Data excerpt:
BEGIN

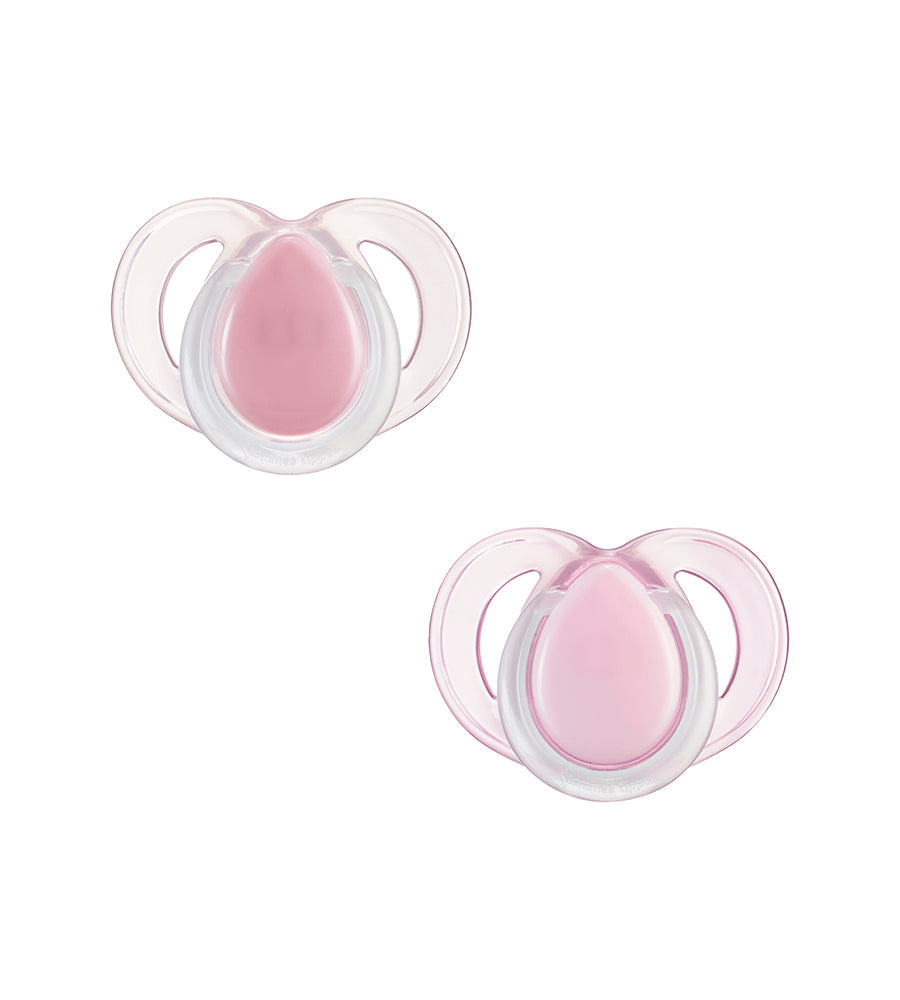 Closer to Nature Night Time 2 Orthodontic Soothers 6-18M - 433362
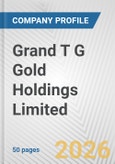 Grand T G Gold Holdings Limited Fundamental Company Report Including Financial, SWOT, Competitors and Industry Analysis- Product Image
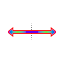 Colour energetic horizontal resize.cur HD version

END

Directions: Print all the material above exactly, and drop the images.

Exercise solution:
 Closer to Nature Night Time 2 Orthodontic Soothers 6-18M - 433362
 Grand T G Gold Holdings Limited Fundamental Company Report Including Financial, SWOT, Competitors and Industry Analysis- Product Image
 Colour energetic horizontal resize.cur HD version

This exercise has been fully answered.